Protect yourself from online scams
To protect your identity and cash from online scammers:
- Only allow someone to remotely access your computer if they are from a trusted source, such as your internet service provider (ISP). Scammers will pretend to be your ISP, so use a different contact method to verify their identity.
- Know who you're dealing with. Research a business or person you’re dealing with online. Type in their name and the keyword ‘scam’ for any scam alerts.
- Don’t open suspicious or unknown emails, email attachments, texts or pop up messages. Always delete them. If you’re unsure, verify the identity of the sender independently – not by using the contact details they provide.
- Create passwords which are long, unique and use a mix of random numbers and lower and upper case letters. Make sure you change passwords regularly and don't share them.
- Keep your mobile devices, Wi-Fi network and computers secure. Use antivirus software and keep it up to date. This software will check for malicious computer programmes and monitor files before they are opened.
- Know what software you are installing on your computer or phone.
- Make sure you leave your firewall switched on. A firewall is a security shield that stops scammers getting into your computer.
- Make sure you regularly install updates to your operating system. Install the latest version of your web browser to get the latest inbuilt security features.
- Keep your personal and banking details secure. No genuine company or bank will contact you to ask for your log-in details, such as your password or user id.
- Avoid online offers that are too good to be true. Use a reputable online shopping service. Virtual currencies (like bitcoin) have limited protection so be wary.
- Block third-party and advertising cookies in your mobile browser or computer settings.
Fake websites are easy to set up and look convincing.
Online shopping or auction scams
A common scam online shoppers experience is receiving faulty or lower quality products or even nothing at all. Scammers may just want your credit card details or they may claim to need extra payments for things like shipping, taxes and insurance.
Take care; price comparison websites and online reviews may be fake or inaccurate.
Fake websites are easy to set up and scammers often use names and website addresses that are similar to those of genuine retailers. For added credibility, they sometimes advertise in genuine online directories and on social networking sites. Or they may pay to be in search engines' featured listings.
Social media ’buy and sell’ pages are also fair game for scammers. So are ongoing monthly subscription services that offer free or low cost trials. Even after you cancel, your credit card is still being charged.
Reputable online auction sites like Trade Me have systems to spot scams. Scammers will often try to take you away from auction sites to do a deal. Use the online auction site to complete the transaction.

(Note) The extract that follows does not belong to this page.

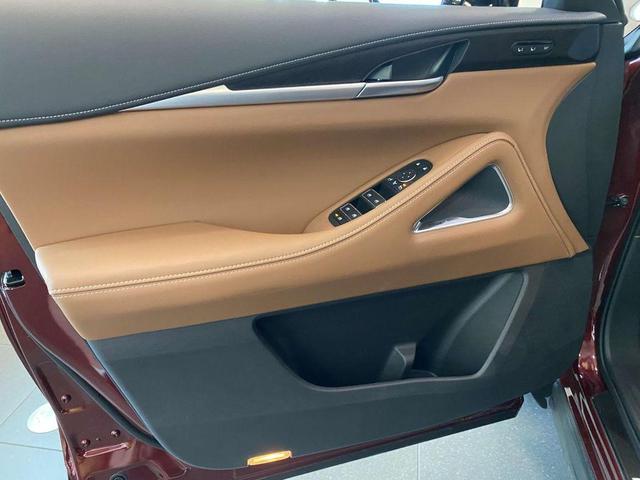 Photo of 2025 Deep Brdx INFINITI QX60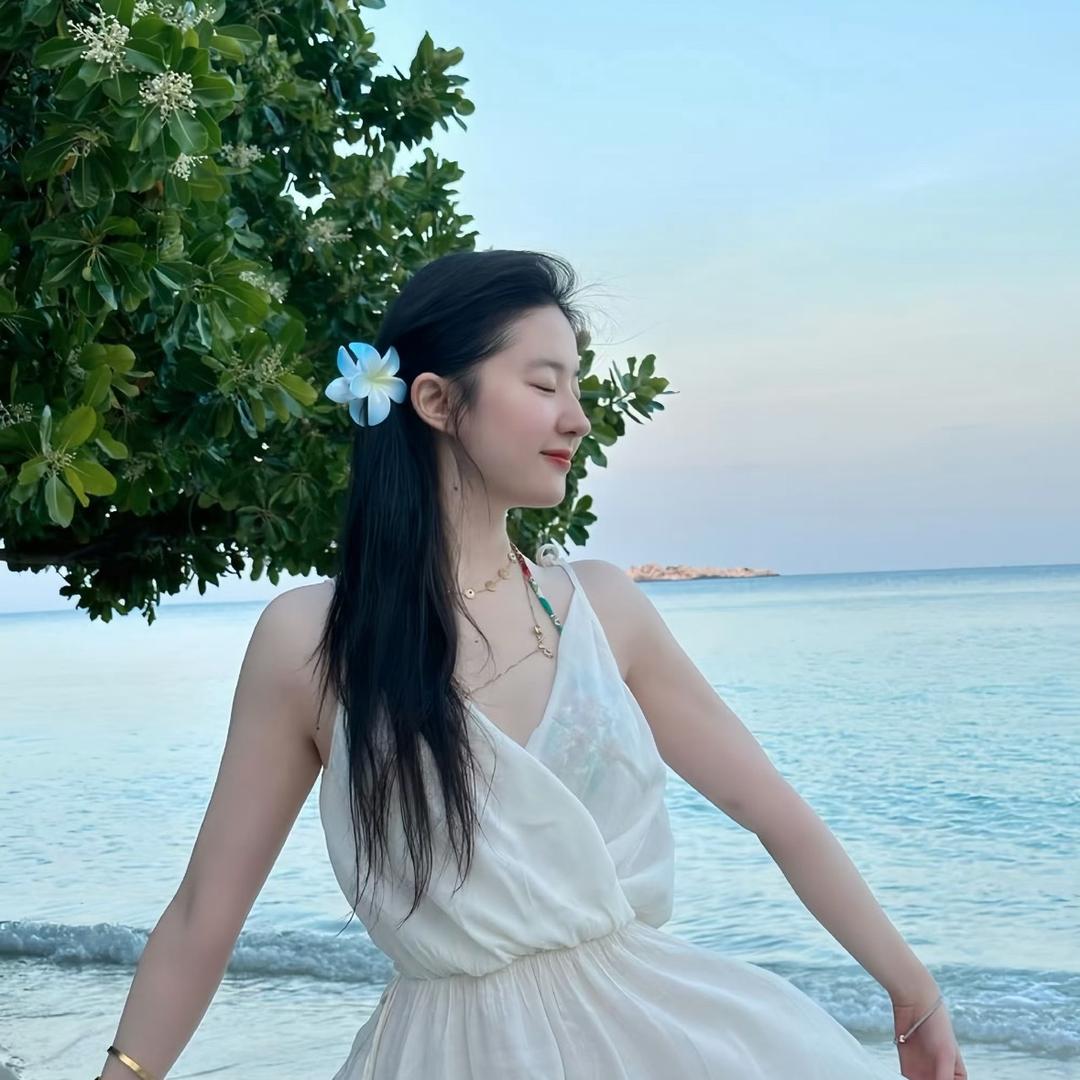 小锦李吖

Phishing and online account scams
Scammers may use phishing emails or texts to gain your financial details, login and passwords. They will then steal from your account or use your details to commit fraud. You may get an email or a phone call. They may claim there is a problem with your account and ask you to verify your details on a fake copy of the bank’s website. Or they could fake being from a government agency like Inland Revenue and offer you a tax refund.
Online advertising scams
Scammers may hack into online advertisers’ apps that serve the adverts and send you fake adverts online.

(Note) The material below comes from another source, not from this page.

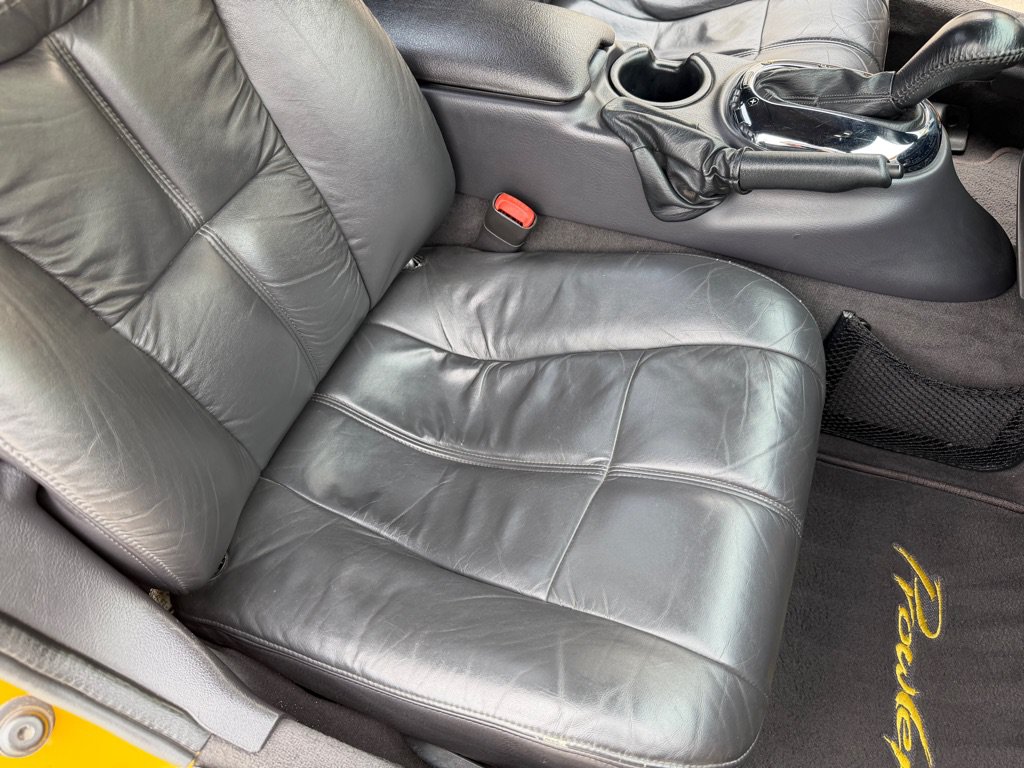 Used 2000 Plymouth Prowler RWD image 21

Scammers target buyers by placing fake advertisements on real websites for rentals, used cars or other items that are much cheaper than usual. If you show interest, they will claim they are overseas and an agent will deliver the items or keys following payment.
Scammers also respond to genuine advertisements for products or services with a generous offer to buy. They pay by cheque or money order and usually it is more than the agreed price. This is claimed to be by mistake and you are asked for a refund by money transfer. Once this is done you find out their cheque has bounced or the money order was false.
PC Doctor scams
Callers or emails that pretend to be employees of well-known computer companies who have discovered problems or viruses on your computer. They persuade you to give them access to your computer with passwords and security information and then ask for payment and bank details.
Genuine computer companies will never do this. If you need technical help, always call or email your internet service provider's support line or talk to a local computer repair person.